> [Exercise requirements] Each entry below is to be restated word for word, with no pictures carried over.

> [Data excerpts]
+++++

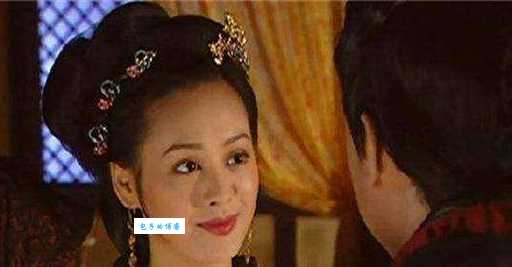 秦始皇的母亲是谁?赵姬的真实身份和传奇人生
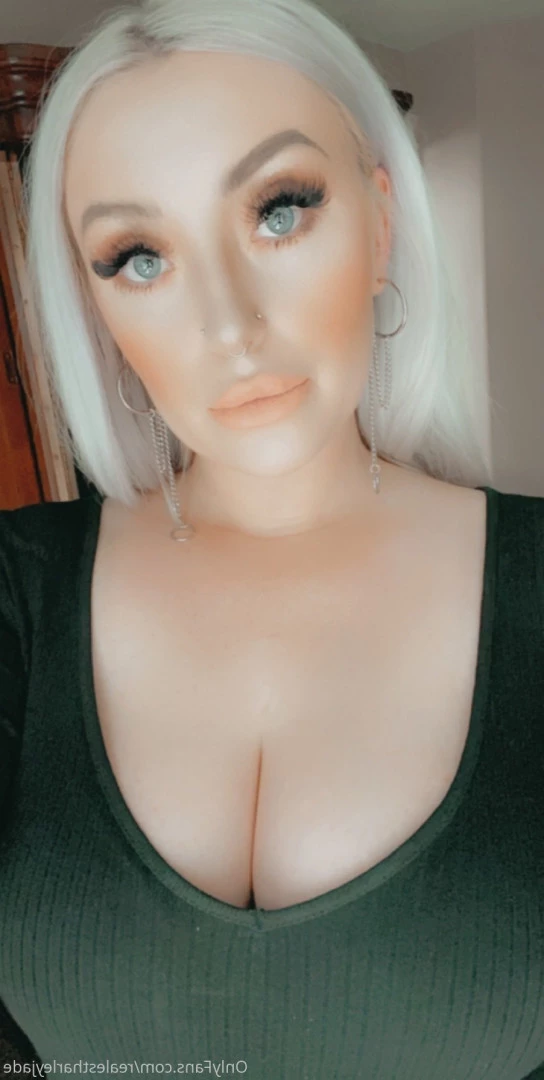 Harley Jade [ realestharleyjade ] Onlyfans leaked photo 7299268 on Hotleaks.tv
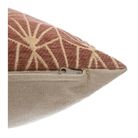 federa-per-cuscini-art-deco-40x40cm-marrone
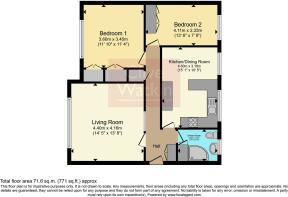 FLOOR-PLAN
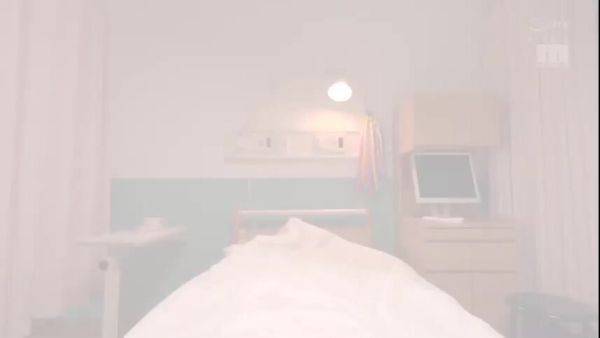 Japanese-sex-pako-1625 - senzuri.tube on freevids.org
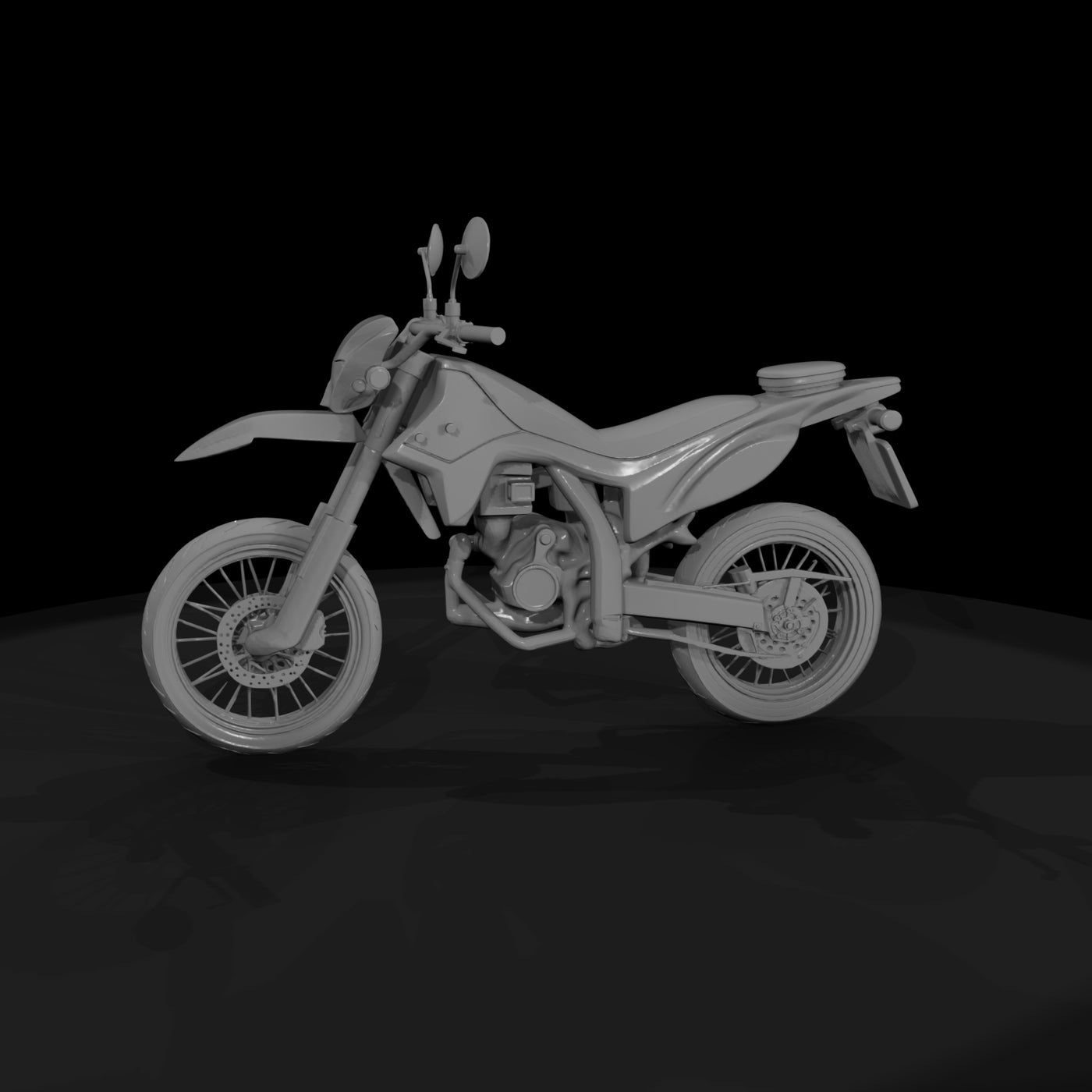 kawasaki-klx300sm-2025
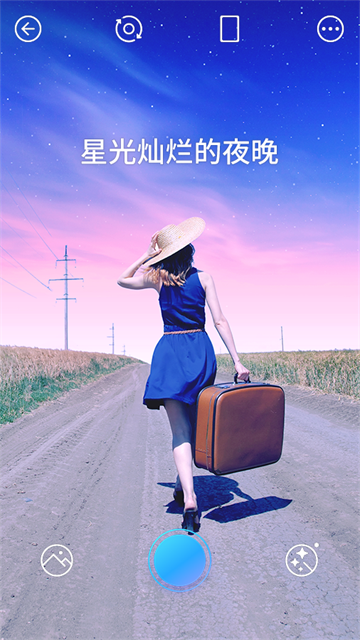 PICNIC相机图3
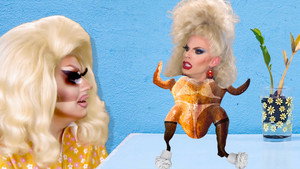 UNHhhh 4. évad Ep.18 18. epizód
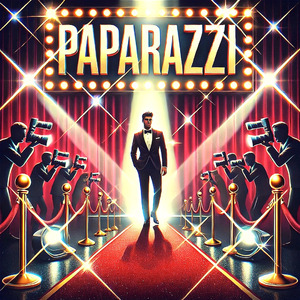 PAPARAZZI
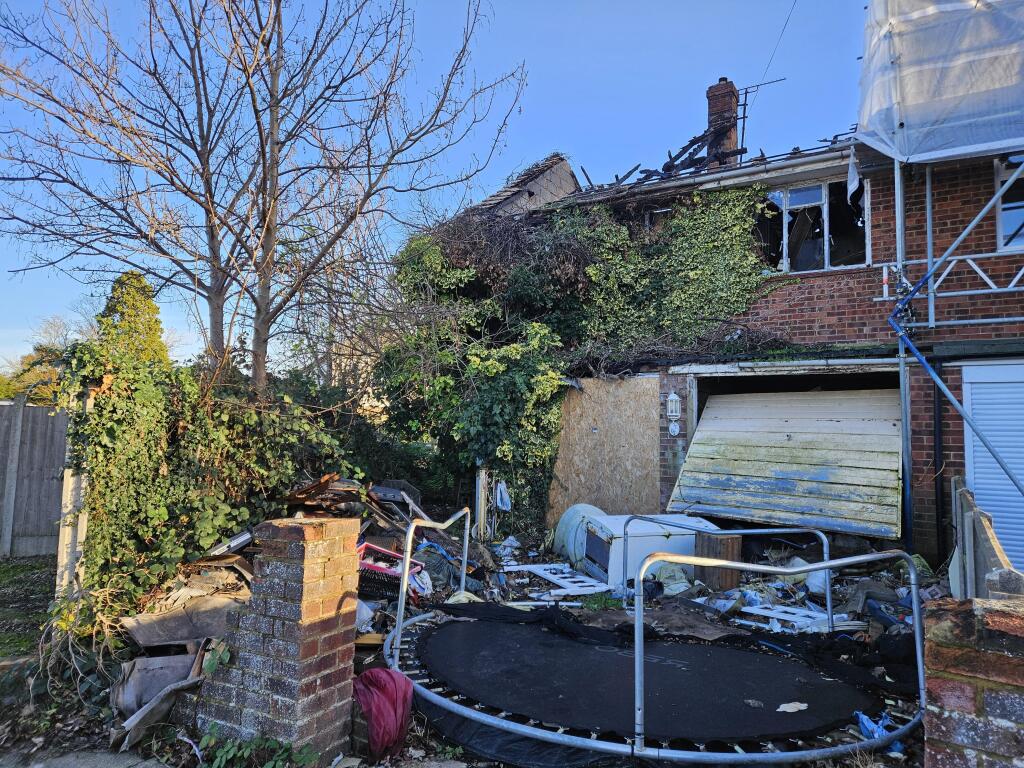 20251219 140646.lLEkr-min T202512220940.jpg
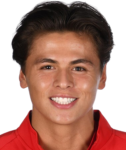 https://img.833zhibop.com.cn/img/football/player/fe3b3b80fa4b4b64d8a1ea959e83bdab.png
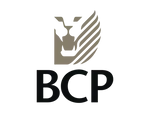 BCP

+++++

> [Written response]
 秦始皇的母亲是谁?赵姬的真实身份和传奇人生
 Harley Jade [ realestharleyjade ] Onlyfans leaked photo 7299268 on Hotleaks.tv
 federa-per-cuscini-art-deco-40x40cm-marrone
 FLOOR-PLAN
 Japanese-sex-pako-1625 - senzuri.tube on freevids.org
 kawasaki-klx300sm-2025
 PICNIC相机图3
 UNHhhh 4. évad Ep.18 18. epizód
 PAPARAZZI
 20251219 140646.lLEkr-min T202512220940.jpg
 https://img.833zhibop.com.cn/img/football/player/fe3b3b80fa4b4b64d8a1ea959e83bdab.png
 BCP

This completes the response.